Keep the text of the data exactly as it is and omit each picture from the copy.

*** Opening DATA SECTION ***

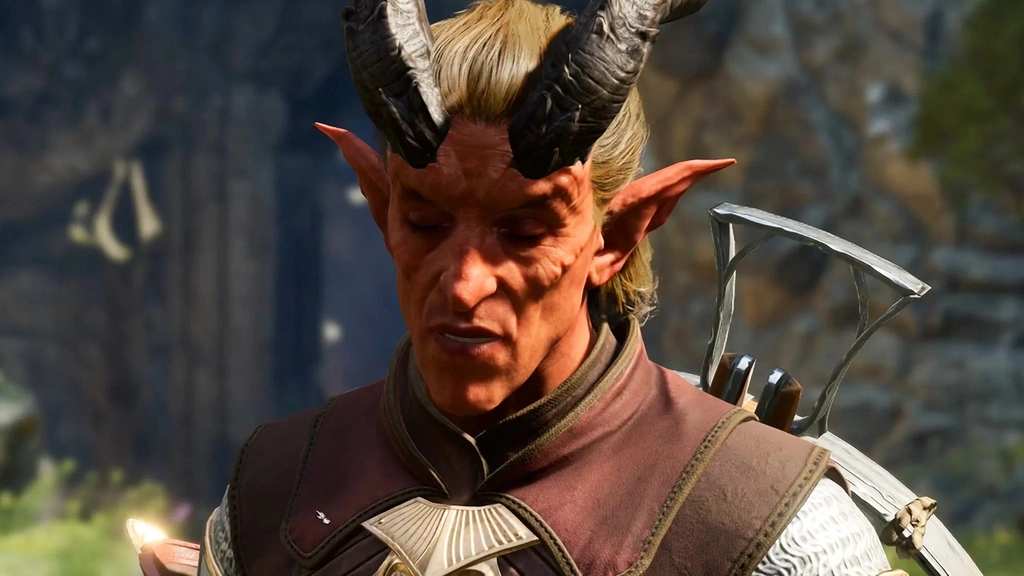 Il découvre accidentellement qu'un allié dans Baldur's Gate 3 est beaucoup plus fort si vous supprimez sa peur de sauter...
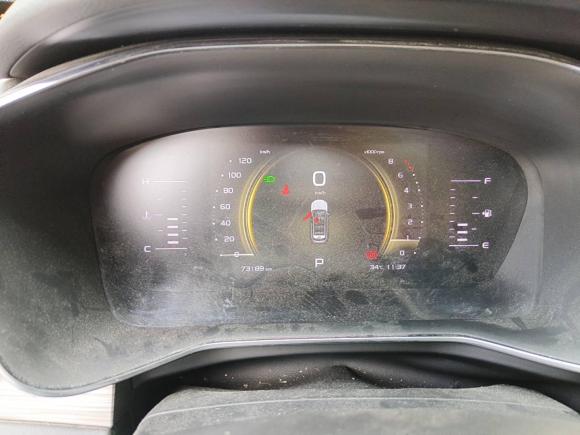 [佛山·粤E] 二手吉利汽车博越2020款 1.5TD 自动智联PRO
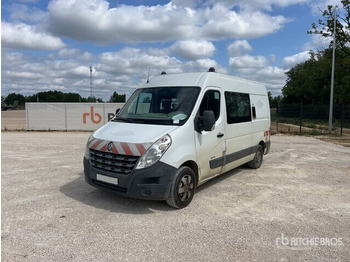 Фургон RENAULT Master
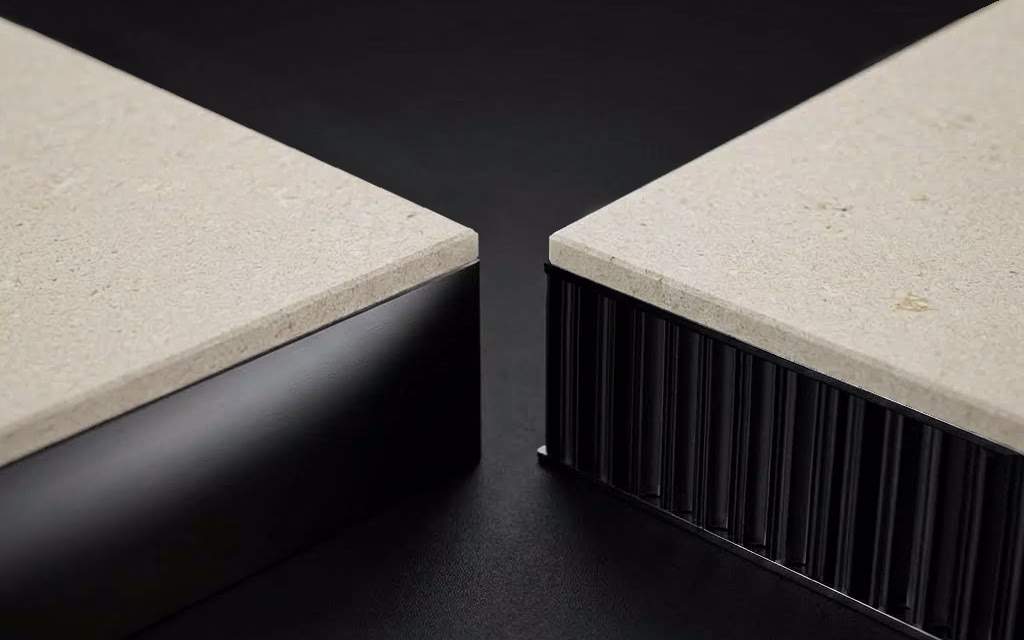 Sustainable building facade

*** Closing DATA SECTION ***

◆ SOLUTION FOR THIS TASK:
 Il découvre accidentellement qu'un allié dans Baldur's Gate 3 est beaucoup plus fort si vous supprimez sa peur de sauter...
 [佛山·粤E] 二手吉利汽车博越2020款 1.5TD 自动智联PRO
 Фургон RENAULT Master
 Sustainable building facade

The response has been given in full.